§ **Task statement**
Give back exactly the lines of the material below that start at the one holding "Olivia Cunning Quotes: There" and end at the last line, minus the pictures.

§ **Collected material**
......

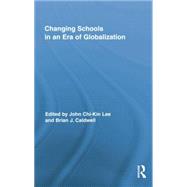 Changing Schools in an Era of Globalization 9781138021556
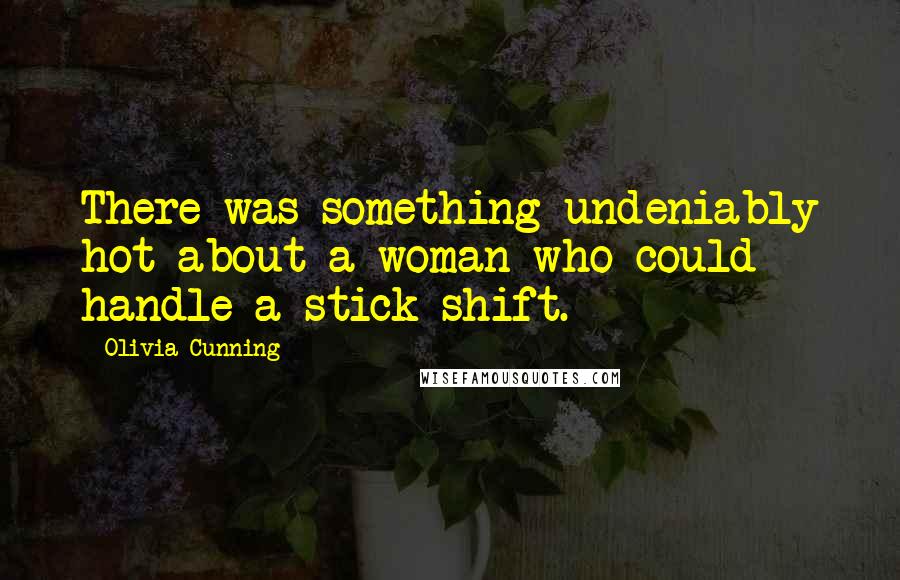 Olivia Cunning Quotes: There was something undeniably hot about a woman who could handle a stick shift.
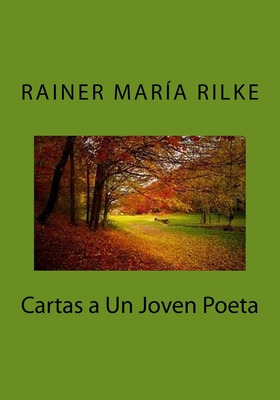 Libro Cartas A Un Joven Poeta - Rilke, Rainer Maria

......

§ **Task response**
 Olivia Cunning Quotes: There was something undeniably hot about a woman who could handle a stick shift.
 Libro Cartas A Un Joven Poeta - Rilke, Rainer Maria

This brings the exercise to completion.